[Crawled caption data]

>>>

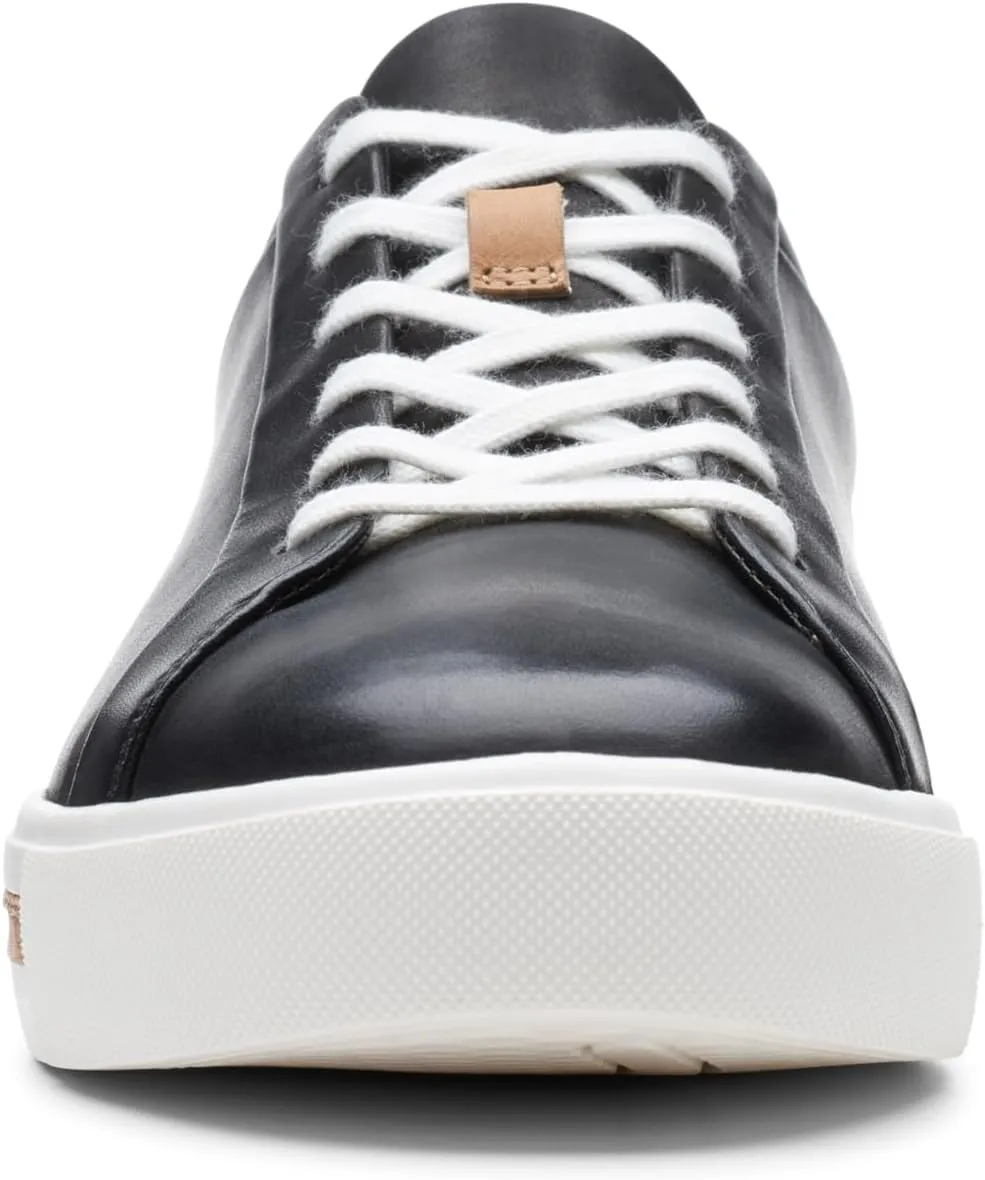 Clarks Women's Low-Top Sneakers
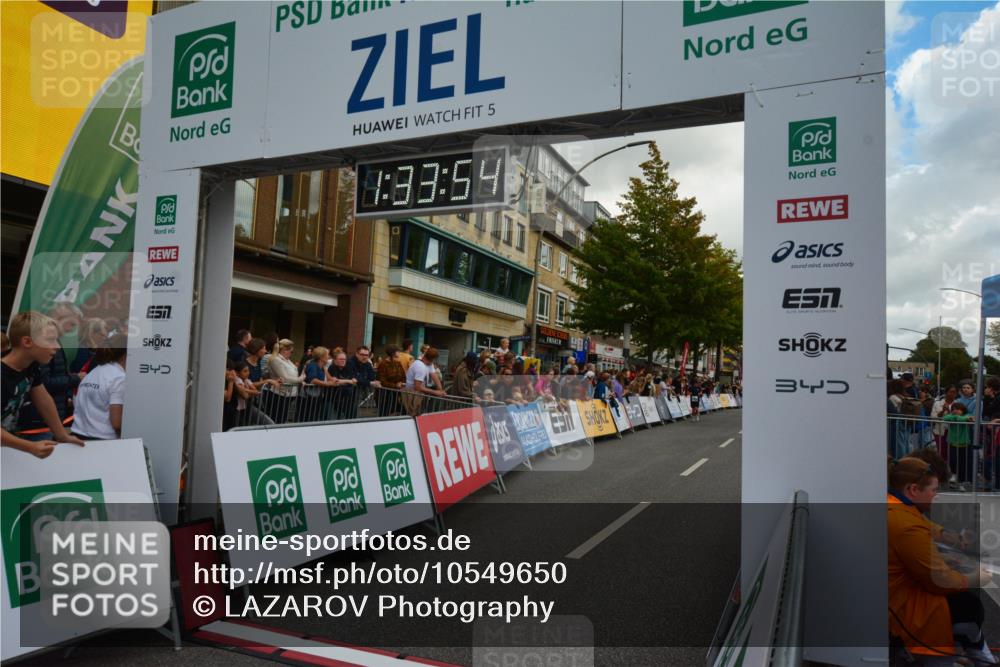 20.09.2026 - PSD Bank Halbmarathon LAZAROV Photography http://msf.ph/oto/10549650 20.09.2026 11:33:54 Ziel 2201, 2265, 2482 meine-sportfotos.de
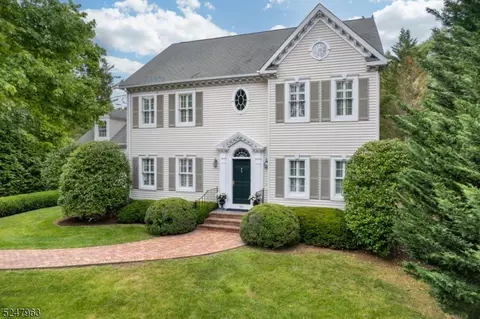 10 Hamilton St, Madison, NJ 07940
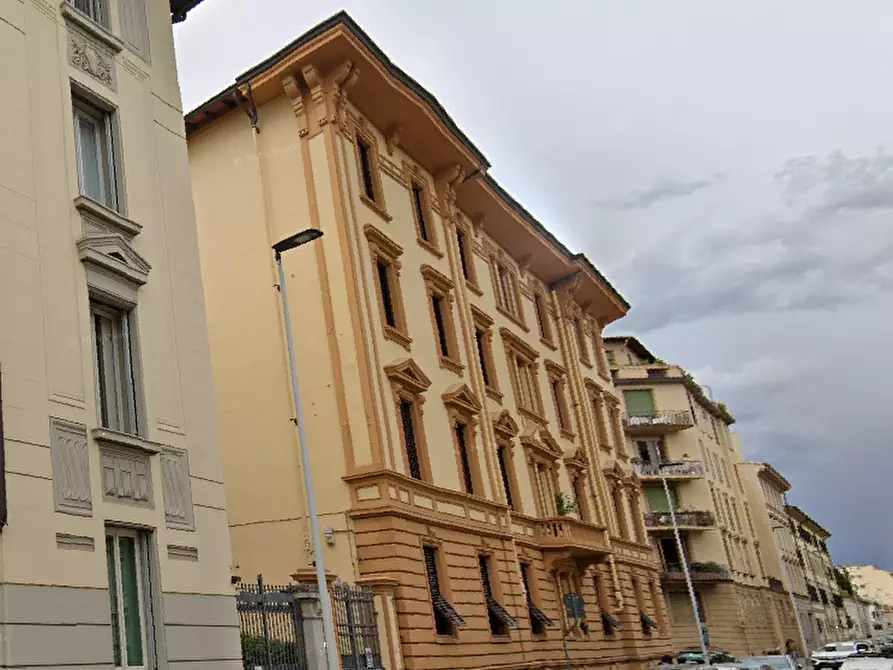 Immagine 7 di Appartamento in vendita  in via dei Della Robbia a Firenze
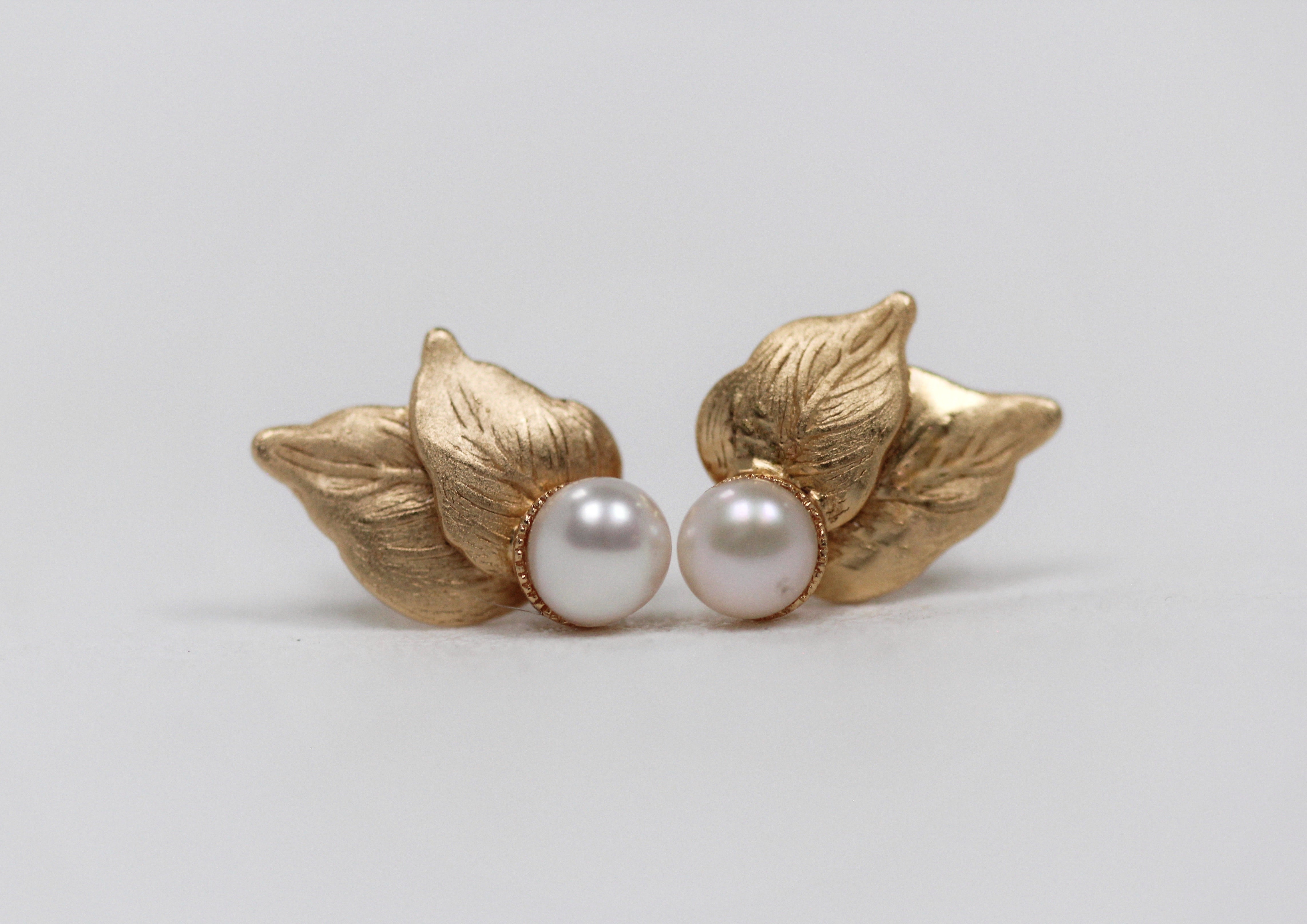 Preorder* Aubrey Pearls Leaves Stud Earrings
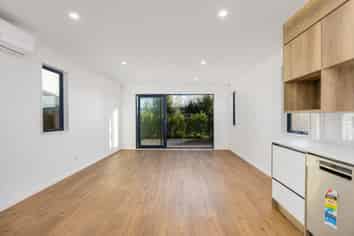  25 John Gray Street, Takanini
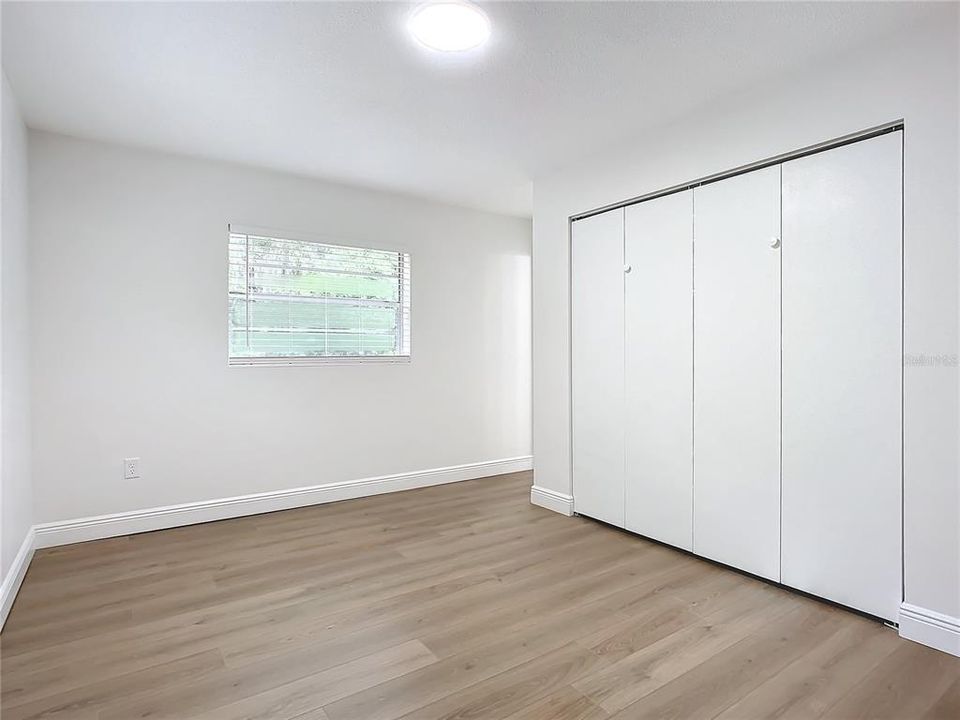 Activo con contrato: $399,999 (4 camas, 2 baños, 2336 Pies cuadrados)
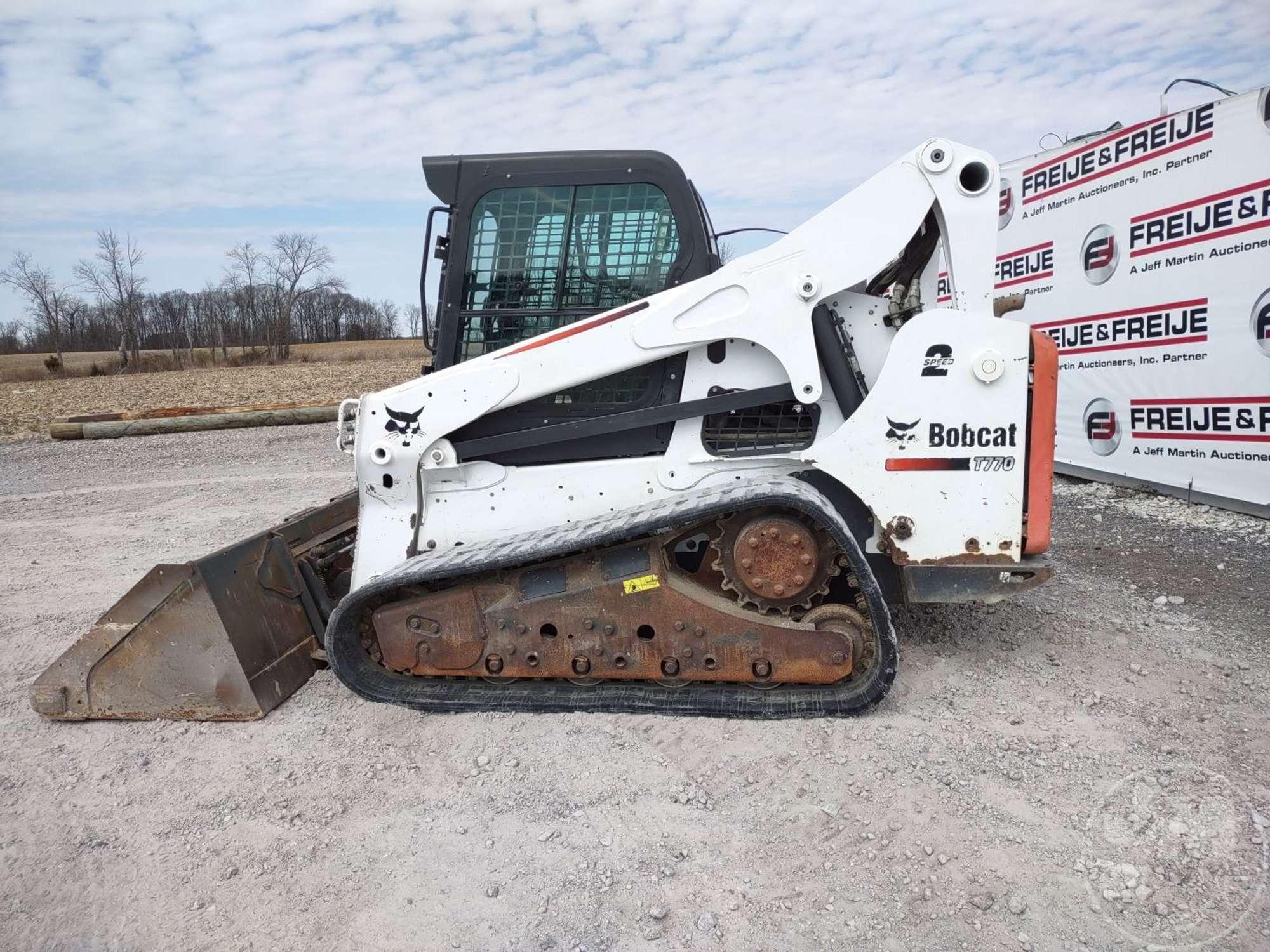 BOBCAT MODEL T770 MULTI TERRAIN LOADER SN: AN8T13612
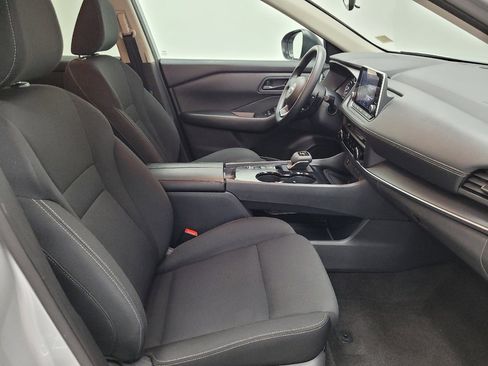 Used 2024 Nissan Rogue S image 21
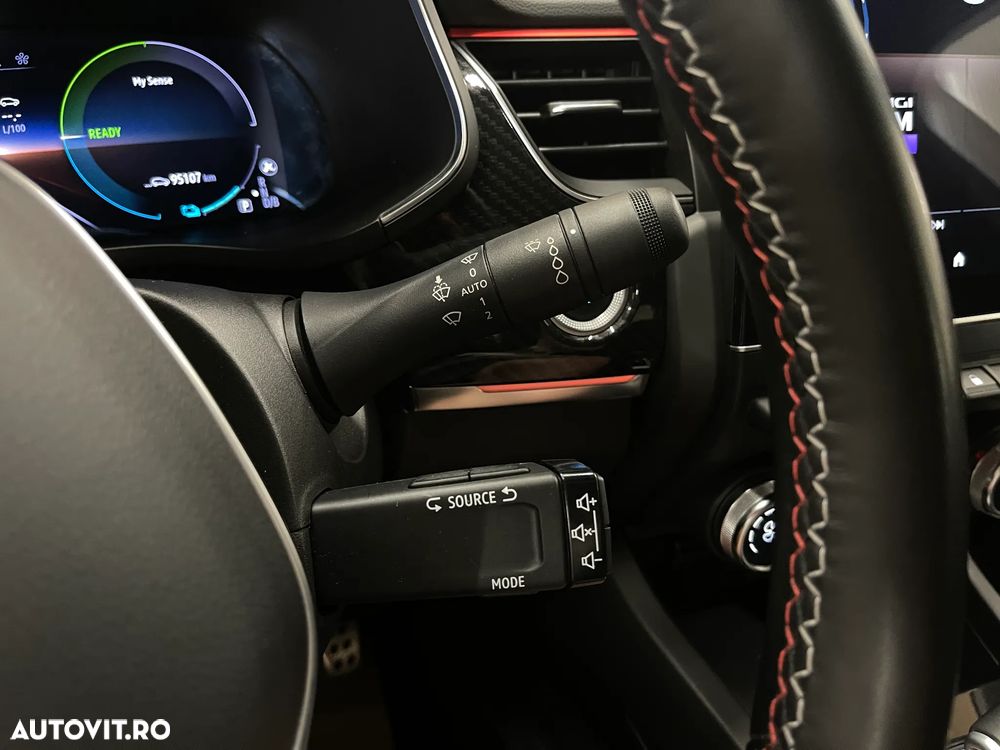 Renault Arkana E-TECH RS Line - 29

<<<

WHAT THE EXERCISE ASKS: Above are the records; copy from them only the lines starting at the one containing "10 Hamilton St, Madison, NJ 07940" and ending at the one containing "Activo con contrato: $399,999", exactly and without pictures.

TASK SOLUTION:
 10 Hamilton St, Madison, NJ 07940
 Immagine 7 di Appartamento in vendita  in via dei Della Robbia a Firenze
 Preorder* Aubrey Pearls Leaves Stud Earrings
  25 John Gray Street, Takanini
 Activo con contrato: $399,999 (4 camas, 2 baños, 2336 Pies cuadrados)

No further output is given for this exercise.